As to conflicting advice, that's not really a problem. When the GG is consulting with the Privy Council members, they may be getting all kinds of different advice about what to do.
But on the issue of the Speaker being able to...I'm very curious on that. What would the process be for the conveying from Parliament?
I also want to say, to get this out there, that even now the government still has a problem understanding the separation between the executive council and the majority rule of Parliament. The majority rule of Parliament is supreme: you become Prime Minister through a majority vote of the House of Commons. That is why so many of us were upset over the nonsense being spewed by the Prime Minister the last time--about something being undemocratic, and hijacking, and coup, and all of that. I mean, it worked well politically, I'd give you your due there, but it was way the hell off the reality.

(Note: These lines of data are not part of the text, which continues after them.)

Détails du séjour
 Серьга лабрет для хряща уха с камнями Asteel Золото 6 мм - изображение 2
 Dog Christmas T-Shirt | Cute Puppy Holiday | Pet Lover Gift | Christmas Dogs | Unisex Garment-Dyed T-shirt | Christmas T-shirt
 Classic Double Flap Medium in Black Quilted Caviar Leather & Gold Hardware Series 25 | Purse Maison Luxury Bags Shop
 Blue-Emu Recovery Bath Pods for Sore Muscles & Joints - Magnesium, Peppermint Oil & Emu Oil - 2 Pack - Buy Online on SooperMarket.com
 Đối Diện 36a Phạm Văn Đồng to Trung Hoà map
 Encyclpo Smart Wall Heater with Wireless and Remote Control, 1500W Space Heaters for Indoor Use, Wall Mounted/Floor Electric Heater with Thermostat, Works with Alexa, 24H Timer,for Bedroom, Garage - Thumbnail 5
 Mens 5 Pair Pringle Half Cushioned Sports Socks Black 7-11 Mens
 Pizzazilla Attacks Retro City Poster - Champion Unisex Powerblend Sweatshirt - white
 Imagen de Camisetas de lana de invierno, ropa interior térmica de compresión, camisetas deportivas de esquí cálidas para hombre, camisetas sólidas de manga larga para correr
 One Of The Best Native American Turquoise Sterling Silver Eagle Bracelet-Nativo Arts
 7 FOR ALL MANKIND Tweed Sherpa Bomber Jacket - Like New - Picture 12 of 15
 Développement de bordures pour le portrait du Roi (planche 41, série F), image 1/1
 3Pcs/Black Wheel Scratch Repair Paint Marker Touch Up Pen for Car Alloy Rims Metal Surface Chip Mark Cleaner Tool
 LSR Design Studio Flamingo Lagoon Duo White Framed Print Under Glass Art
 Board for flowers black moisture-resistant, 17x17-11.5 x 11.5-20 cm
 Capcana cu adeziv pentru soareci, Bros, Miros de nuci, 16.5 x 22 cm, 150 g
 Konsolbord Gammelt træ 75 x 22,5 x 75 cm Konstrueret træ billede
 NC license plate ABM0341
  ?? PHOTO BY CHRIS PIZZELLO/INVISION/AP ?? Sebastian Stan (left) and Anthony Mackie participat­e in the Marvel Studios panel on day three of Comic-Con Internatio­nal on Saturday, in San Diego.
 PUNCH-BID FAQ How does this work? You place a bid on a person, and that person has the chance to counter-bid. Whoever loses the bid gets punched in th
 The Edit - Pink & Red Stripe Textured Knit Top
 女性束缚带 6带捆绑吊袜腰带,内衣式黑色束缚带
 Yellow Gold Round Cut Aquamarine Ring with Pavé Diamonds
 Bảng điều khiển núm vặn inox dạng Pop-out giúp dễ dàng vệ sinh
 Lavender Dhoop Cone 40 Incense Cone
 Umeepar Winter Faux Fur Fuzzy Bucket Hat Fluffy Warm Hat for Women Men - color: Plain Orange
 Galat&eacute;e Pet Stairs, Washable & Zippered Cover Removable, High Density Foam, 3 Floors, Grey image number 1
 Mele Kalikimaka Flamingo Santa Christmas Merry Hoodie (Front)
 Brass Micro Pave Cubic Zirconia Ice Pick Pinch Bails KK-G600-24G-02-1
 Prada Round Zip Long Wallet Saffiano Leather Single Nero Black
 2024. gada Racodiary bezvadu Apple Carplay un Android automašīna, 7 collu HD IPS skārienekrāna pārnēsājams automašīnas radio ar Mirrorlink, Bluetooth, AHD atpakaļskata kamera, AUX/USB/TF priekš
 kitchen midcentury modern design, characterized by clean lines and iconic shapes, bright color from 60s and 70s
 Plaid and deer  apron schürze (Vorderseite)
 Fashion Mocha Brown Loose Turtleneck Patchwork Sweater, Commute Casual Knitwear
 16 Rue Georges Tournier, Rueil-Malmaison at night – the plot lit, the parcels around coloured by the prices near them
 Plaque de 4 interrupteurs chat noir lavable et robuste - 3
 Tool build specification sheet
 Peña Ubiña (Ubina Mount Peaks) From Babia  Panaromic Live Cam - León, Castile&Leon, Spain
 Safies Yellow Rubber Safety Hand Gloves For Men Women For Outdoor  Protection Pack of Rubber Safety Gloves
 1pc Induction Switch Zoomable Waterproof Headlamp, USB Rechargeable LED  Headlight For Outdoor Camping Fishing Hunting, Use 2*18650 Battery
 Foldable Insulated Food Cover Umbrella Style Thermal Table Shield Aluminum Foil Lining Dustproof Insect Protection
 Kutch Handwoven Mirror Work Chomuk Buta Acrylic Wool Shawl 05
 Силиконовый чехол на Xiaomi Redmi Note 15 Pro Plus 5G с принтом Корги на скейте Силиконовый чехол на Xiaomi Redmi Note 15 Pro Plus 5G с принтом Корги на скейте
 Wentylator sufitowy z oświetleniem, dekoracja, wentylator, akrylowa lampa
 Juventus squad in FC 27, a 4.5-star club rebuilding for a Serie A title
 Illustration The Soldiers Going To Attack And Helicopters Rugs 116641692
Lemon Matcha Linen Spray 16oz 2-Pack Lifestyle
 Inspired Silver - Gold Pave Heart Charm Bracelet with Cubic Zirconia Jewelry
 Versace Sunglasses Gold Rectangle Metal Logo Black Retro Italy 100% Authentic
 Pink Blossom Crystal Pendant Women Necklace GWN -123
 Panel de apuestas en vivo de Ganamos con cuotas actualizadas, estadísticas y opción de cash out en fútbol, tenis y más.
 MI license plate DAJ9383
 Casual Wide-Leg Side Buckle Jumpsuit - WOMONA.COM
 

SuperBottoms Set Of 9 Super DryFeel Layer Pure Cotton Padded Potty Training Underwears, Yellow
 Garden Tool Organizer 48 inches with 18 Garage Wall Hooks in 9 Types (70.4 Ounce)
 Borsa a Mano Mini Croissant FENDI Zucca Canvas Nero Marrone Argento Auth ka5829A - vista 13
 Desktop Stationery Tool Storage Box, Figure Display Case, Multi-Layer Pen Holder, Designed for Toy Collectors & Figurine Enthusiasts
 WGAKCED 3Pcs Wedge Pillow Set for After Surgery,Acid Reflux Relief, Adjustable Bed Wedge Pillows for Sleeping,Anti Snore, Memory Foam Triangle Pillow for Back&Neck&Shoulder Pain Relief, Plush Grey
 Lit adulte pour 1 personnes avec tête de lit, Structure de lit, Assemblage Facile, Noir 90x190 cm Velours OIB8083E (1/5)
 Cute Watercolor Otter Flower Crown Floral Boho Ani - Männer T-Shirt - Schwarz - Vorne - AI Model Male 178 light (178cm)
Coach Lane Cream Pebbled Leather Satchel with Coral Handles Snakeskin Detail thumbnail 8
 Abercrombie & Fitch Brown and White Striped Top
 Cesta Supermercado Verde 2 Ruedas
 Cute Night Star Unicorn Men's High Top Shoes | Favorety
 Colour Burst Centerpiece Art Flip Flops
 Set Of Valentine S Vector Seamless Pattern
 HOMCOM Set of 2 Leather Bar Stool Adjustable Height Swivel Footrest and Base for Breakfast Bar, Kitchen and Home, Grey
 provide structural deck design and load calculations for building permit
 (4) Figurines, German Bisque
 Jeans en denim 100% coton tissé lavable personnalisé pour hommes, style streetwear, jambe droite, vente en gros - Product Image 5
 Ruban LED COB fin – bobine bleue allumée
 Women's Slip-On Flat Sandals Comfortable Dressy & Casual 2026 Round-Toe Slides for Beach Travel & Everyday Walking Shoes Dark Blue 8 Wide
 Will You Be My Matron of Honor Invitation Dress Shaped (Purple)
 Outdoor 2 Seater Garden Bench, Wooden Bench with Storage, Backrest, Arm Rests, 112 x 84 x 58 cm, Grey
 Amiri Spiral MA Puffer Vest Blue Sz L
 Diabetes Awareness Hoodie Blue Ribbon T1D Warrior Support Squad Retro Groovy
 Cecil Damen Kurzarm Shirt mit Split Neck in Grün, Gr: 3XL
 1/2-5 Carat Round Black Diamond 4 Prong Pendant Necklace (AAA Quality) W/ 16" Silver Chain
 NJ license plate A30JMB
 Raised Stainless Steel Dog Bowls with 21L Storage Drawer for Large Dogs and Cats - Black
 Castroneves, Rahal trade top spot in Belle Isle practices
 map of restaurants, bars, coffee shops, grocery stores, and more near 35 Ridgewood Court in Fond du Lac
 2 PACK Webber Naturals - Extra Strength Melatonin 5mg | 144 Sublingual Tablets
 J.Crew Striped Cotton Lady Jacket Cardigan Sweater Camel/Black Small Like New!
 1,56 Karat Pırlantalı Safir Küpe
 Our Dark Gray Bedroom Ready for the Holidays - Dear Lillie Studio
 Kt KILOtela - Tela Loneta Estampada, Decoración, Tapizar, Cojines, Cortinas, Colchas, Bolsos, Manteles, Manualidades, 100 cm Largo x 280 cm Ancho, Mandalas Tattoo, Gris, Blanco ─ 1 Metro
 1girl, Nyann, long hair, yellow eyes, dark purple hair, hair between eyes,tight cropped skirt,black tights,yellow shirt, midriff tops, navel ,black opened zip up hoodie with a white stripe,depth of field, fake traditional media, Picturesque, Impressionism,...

The reason we don't normally see that is that with majority governments, the matter of a confidence vote is not even paid any attention to, because you're going to win every vote 10 times out of 10. It only arises with minority governments. Therefore, the notion is absolutely wrong that advice coming from the Speaker—if it were even equal to that of the Prime Minister—is somehow a misrepresentation of fair justice. It seems to me that it makes every sense in the world that the GG would be aware of the advice of the Prime Minister of the day, but if there were a majority opinion from Parliament that's different, then the GG needs to hear that, too.
I'm curious about what the process is. Is it just an ordinary motion passed by a majority that says, “We convey the following to the GG”, and empower the Speaker to do that? Is it that straightforward?
:
I didn't know that, but thanks for advising me.
Voices: Oh, oh!
Mr. Tom Lukiwski: Thanks to Marlene for giving up her time.
Here is one quick point and then a question, Professor. Thank you for being here.
The point I would make in respect to David's point about advice from the Speaker to the Governor General—and perhaps at the end, if you have time to comment on this, I'd welcome your comments—is that my understanding from a constitutional perspective is that there's a big difference between “advice” in the constitutional sense and just giving information. To David's point, that the letter may or may not have been read, I don't know, but how does the Speaker give information to the GG that there is a coalition, or an agreement among the opposition parties, that they can do whatever they want to do? That letter is more an informational piece, as I interpret it, than “advice” in the constitutional sense. Before you depart from the meeting, I'd like to hear an answer to that.
My question is something from our previous meeting, with Rob Walsh and Thomas Hall. I'm sure you've seen or listened carefully to the testimony of both of them.
Mr. Hall basically disagreed with you, in an article you had written in the Ottawa Citizen, on whether or not committees could be allowed to meet during prorogation. You argued that they could sit. Mr. Hall argued that it would not--in his opinion at least--be constitutional to do so, because once the House closes down, committees cease to function. In fact, if committees—he was referring to standing committees—continued to sit, then there would be nothing to suggest that a Committee of the Whole would not be able to sit. That would in fact just do an end-run on prorogation.
I'd be interested to hear your interpretation concerning Mr. Hall's point, which disagrees, I think fundamentally, with yours, and whether or not you have a counter-argument to Mr. Hall's point on the unconstitutionality of committees sitting during prorogation.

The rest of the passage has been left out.